*** Opening of Given data ***

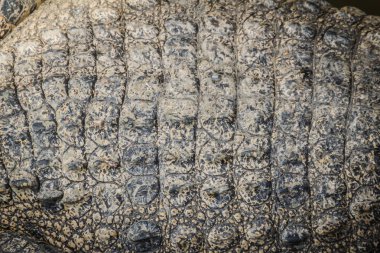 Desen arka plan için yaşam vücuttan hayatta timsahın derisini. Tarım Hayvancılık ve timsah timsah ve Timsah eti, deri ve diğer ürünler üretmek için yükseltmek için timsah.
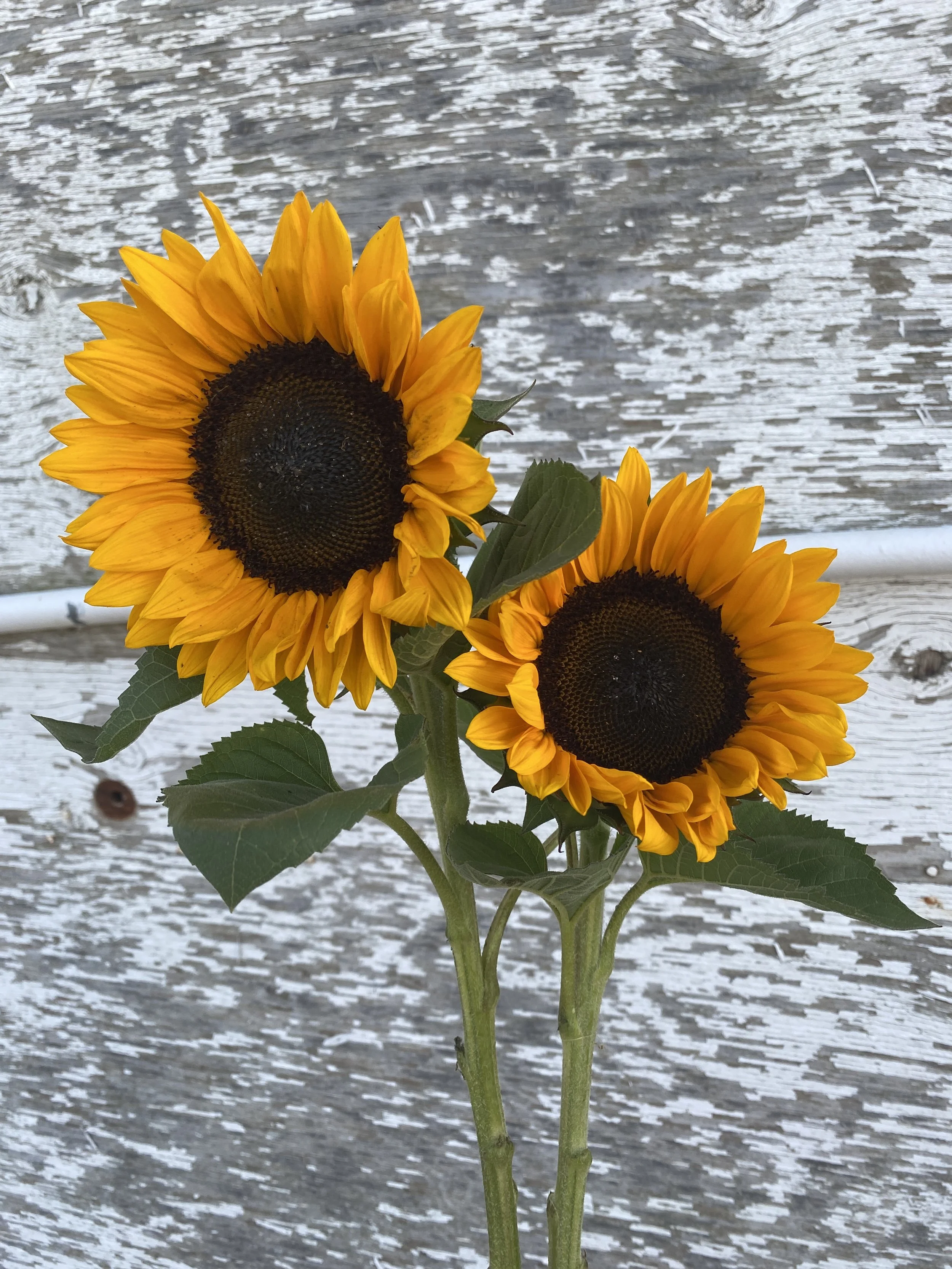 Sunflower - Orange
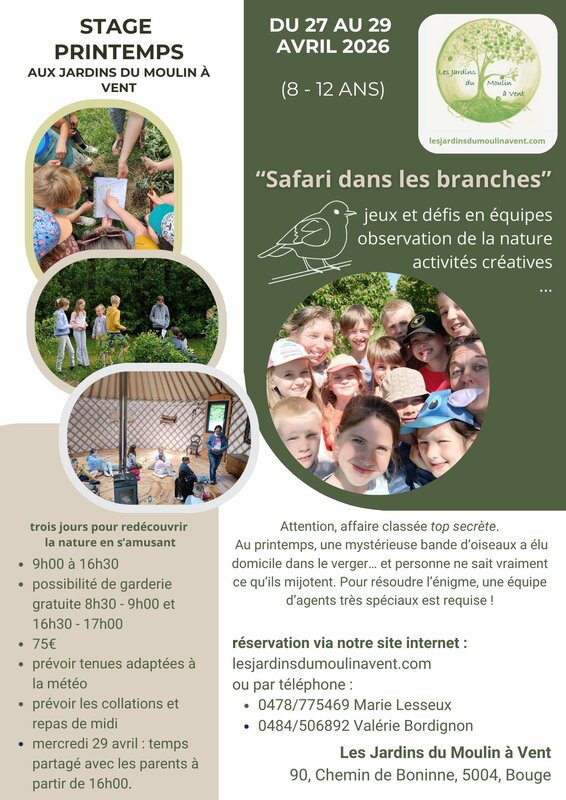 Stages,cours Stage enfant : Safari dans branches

*** Close of Given data ***

_Aim of the exercise_. What is needed is an exact restatement of the lines from the line with "Sunflower - Orange" through the final line of the data, pictures excluded.

_Task answer_.
 Sunflower - Orange
 Stages,cours Stage enfant : Safari dans branches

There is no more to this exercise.